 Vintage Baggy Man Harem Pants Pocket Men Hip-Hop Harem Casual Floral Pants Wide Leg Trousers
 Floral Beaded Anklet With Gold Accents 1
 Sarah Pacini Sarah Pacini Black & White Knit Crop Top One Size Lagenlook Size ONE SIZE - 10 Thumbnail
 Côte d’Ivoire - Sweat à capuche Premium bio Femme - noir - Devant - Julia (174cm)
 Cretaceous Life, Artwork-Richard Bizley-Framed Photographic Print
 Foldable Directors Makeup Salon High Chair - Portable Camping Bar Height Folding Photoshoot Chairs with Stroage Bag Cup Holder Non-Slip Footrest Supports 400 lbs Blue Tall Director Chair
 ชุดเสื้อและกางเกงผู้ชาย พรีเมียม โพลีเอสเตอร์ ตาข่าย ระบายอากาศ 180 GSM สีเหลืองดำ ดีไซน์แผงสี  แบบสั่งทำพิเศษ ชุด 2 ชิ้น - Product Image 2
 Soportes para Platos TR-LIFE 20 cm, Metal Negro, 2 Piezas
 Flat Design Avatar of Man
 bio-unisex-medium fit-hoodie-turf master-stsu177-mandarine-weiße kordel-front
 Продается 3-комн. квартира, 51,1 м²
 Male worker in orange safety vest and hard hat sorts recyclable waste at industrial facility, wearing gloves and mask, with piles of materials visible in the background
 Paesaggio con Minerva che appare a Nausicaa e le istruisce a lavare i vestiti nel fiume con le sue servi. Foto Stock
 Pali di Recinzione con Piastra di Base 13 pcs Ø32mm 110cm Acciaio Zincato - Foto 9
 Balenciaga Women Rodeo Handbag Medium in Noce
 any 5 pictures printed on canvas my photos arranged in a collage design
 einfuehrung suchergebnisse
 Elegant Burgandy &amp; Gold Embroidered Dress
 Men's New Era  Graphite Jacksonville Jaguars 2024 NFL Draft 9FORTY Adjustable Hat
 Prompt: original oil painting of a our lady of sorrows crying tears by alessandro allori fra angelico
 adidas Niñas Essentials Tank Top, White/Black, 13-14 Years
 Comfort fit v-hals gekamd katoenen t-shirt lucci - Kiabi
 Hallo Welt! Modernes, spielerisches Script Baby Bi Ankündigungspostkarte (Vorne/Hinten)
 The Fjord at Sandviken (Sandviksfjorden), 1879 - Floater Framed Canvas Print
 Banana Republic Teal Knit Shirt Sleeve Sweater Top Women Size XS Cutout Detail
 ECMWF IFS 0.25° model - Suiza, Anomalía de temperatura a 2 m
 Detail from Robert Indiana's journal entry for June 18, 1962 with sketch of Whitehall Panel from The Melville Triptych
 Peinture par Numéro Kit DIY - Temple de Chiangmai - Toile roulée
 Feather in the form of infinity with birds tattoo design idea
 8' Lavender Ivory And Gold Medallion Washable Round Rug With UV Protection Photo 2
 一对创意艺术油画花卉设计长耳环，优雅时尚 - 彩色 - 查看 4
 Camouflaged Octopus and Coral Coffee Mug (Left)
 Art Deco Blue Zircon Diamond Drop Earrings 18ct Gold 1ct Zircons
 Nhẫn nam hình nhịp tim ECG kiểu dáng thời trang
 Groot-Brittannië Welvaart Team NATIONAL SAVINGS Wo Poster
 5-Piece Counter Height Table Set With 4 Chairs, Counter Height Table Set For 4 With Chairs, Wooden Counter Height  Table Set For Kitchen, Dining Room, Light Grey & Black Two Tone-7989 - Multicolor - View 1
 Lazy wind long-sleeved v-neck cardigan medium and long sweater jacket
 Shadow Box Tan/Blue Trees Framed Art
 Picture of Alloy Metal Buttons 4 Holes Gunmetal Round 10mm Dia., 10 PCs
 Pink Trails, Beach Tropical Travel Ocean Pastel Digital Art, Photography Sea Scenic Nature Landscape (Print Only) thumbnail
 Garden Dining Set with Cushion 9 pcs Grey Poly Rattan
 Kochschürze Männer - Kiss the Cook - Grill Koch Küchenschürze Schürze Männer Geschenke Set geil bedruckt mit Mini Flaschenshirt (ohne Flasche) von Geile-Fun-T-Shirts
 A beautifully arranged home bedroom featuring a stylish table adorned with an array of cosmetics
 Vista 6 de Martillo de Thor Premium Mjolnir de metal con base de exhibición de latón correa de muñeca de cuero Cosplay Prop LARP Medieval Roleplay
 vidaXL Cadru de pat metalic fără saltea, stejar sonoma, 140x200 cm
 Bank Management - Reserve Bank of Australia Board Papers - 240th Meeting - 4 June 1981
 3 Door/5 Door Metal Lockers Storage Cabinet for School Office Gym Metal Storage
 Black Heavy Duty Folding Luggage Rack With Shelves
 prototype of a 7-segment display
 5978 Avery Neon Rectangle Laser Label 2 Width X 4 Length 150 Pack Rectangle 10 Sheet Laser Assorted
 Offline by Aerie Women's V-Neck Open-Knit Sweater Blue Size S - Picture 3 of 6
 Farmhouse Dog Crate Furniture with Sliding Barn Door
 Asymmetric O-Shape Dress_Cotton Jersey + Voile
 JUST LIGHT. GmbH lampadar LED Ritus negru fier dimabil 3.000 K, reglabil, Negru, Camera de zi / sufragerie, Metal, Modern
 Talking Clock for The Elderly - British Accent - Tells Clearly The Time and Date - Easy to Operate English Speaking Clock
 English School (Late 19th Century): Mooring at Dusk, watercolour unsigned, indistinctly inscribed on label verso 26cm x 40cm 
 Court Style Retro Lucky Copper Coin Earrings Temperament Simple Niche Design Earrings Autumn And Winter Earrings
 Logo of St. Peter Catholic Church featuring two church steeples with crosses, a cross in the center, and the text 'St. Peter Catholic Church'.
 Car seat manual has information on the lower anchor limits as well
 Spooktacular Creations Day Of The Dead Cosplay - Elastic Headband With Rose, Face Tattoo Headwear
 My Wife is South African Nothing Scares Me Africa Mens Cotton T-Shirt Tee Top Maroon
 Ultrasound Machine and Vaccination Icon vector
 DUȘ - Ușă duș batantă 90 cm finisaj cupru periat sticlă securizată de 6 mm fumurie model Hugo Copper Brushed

------------------------------------

**Work to complete**
Mind each word and retype the entire listing above.

**Response to this exercise**
 Vintage Baggy Man Harem Pants Pocket Men Hip-Hop Harem Casual Floral Pants Wide Leg Trousers
 Floral Beaded Anklet With Gold Accents 1
 Sarah Pacini Sarah Pacini Black & White Knit Crop Top One Size Lagenlook Size ONE SIZE - 10 Thumbnail
 Côte d’Ivoire - Sweat à capuche Premium bio Femme - noir - Devant - Julia (174cm)
 Cretaceous Life, Artwork-Richard Bizley-Framed Photographic Print
 Foldable Directors Makeup Salon High Chair - Portable Camping Bar Height Folding Photoshoot Chairs with Stroage Bag Cup Holder Non-Slip Footrest Supports 400 lbs Blue Tall Director Chair
 ชุดเสื้อและกางเกงผู้ชาย พรีเมียม โพลีเอสเตอร์ ตาข่าย ระบายอากาศ 180 GSM สีเหลืองดำ ดีไซน์แผงสี  แบบสั่งทำพิเศษ ชุด 2 ชิ้น - Product Image 2
 Soportes para Platos TR-LIFE 20 cm, Metal Negro, 2 Piezas
 Flat Design Avatar of Man
 bio-unisex-medium fit-hoodie-turf master-stsu177-mandarine-weiße kordel-front
 Продается 3-комн. квартира, 51,1 м²
 Male worker in orange safety vest and hard hat sorts recyclable waste at industrial facility, wearing gloves and mask, with piles of materials visible in the background
 Paesaggio con Minerva che appare a Nausicaa e le istruisce a lavare i vestiti nel fiume con le sue servi. Foto Stock
 Pali di Recinzione con Piastra di Base 13 pcs Ø32mm 110cm Acciaio Zincato - Foto 9
 Balenciaga Women Rodeo Handbag Medium in Noce
 any 5 pictures printed on canvas my photos arranged in a collage design
 einfuehrung suchergebnisse
 Elegant Burgandy &amp; Gold Embroidered Dress
 Men's New Era  Graphite Jacksonville Jaguars 2024 NFL Draft 9FORTY Adjustable Hat
 Prompt: original oil painting of a our lady of sorrows crying tears by alessandro allori fra angelico
 adidas Niñas Essentials Tank Top, White/Black, 13-14 Years
 Comfort fit v-hals gekamd katoenen t-shirt lucci - Kiabi
 Hallo Welt! Modernes, spielerisches Script Baby Bi Ankündigungspostkarte (Vorne/Hinten)
 The Fjord at Sandviken (Sandviksfjorden), 1879 - Floater Framed Canvas Print
 Banana Republic Teal Knit Shirt Sleeve Sweater Top Women Size XS Cutout Detail
 ECMWF IFS 0.25° model - Suiza, Anomalía de temperatura a 2 m
 Detail from Robert Indiana's journal entry for June 18, 1962 with sketch of Whitehall Panel from The Melville Triptych
 Peinture par Numéro Kit DIY - Temple de Chiangmai - Toile roulée
 Feather in the form of infinity with birds tattoo design idea
 8' Lavender Ivory And Gold Medallion Washable Round Rug With UV Protection Photo 2
 一对创意艺术油画花卉设计长耳环，优雅时尚 - 彩色 - 查看 4
 Camouflaged Octopus and Coral Coffee Mug (Left)
 Art Deco Blue Zircon Diamond Drop Earrings 18ct Gold 1ct Zircons
 Nhẫn nam hình nhịp tim ECG kiểu dáng thời trang
 Groot-Brittannië Welvaart Team NATIONAL SAVINGS Wo Poster
 5-Piece Counter Height Table Set With 4 Chairs, Counter Height Table Set For 4 With Chairs, Wooden Counter Height  Table Set For Kitchen, Dining Room, Light Grey & Black Two Tone-7989 - Multicolor - View 1
 Lazy wind long-sleeved v-neck cardigan medium and long sweater jacket
 Shadow Box Tan/Blue Trees Framed Art
 Picture of Alloy Metal Buttons 4 Holes Gunmetal Round 10mm Dia., 10 PCs
 Pink Trails, Beach Tropical Travel Ocean Pastel Digital Art, Photography Sea Scenic Nature Landscape (Print Only) thumbnail
 Garden Dining Set with Cushion 9 pcs Grey Poly Rattan
 Kochschürze Männer - Kiss the Cook - Grill Koch Küchenschürze Schürze Männer Geschenke Set geil bedruckt mit Mini Flaschenshirt (ohne Flasche) von Geile-Fun-T-Shirts
 A beautifully arranged home bedroom featuring a stylish table adorned with an array of cosmetics
 Vista 6 de Martillo de Thor Premium Mjolnir de metal con base de exhibición de latón correa de muñeca de cuero Cosplay Prop LARP Medieval Roleplay
 vidaXL Cadru de pat metalic fără saltea, stejar sonoma, 140x200 cm
 Bank Management - Reserve Bank of Australia Board Papers - 240th Meeting - 4 June 1981
 3 Door/5 Door Metal Lockers Storage Cabinet for School Office Gym Metal Storage
 Black Heavy Duty Folding Luggage Rack With Shelves
 prototype of a 7-segment display
 5978 Avery Neon Rectangle Laser Label 2 Width X 4 Length 150 Pack Rectangle 10 Sheet Laser Assorted
 Offline by Aerie Women's V-Neck Open-Knit Sweater Blue Size S - Picture 3 of 6
 Farmhouse Dog Crate Furniture with Sliding Barn Door
 Asymmetric O-Shape Dress_Cotton Jersey + Voile
 JUST LIGHT. GmbH lampadar LED Ritus negru fier dimabil 3.000 K, reglabil, Negru, Camera de zi / sufragerie, Metal, Modern
 Talking Clock for The Elderly - British Accent - Tells Clearly The Time and Date - Easy to Operate English Speaking Clock
 English School (Late 19th Century): Mooring at Dusk, watercolour unsigned, indistinctly inscribed on label verso 26cm x 40cm 
 Court Style Retro Lucky Copper Coin Earrings Temperament Simple Niche Design Earrings Autumn And Winter Earrings
 Logo of St. Peter Catholic Church featuring two church steeples with crosses, a cross in the center, and the text 'St. Peter Catholic Church'.
 Car seat manual has information on the lower anchor limits as well
 Spooktacular Creations Day Of The Dead Cosplay - Elastic Headband With Rose, Face Tattoo Headwear
 My Wife is South African Nothing Scares Me Africa Mens Cotton T-Shirt Tee Top Maroon
 Ultrasound Machine and Vaccination Icon vector
 DUȘ - Ușă duș batantă 90 cm finisaj cupru periat sticlă securizată de 6 mm fumurie model Hugo Copper Brushed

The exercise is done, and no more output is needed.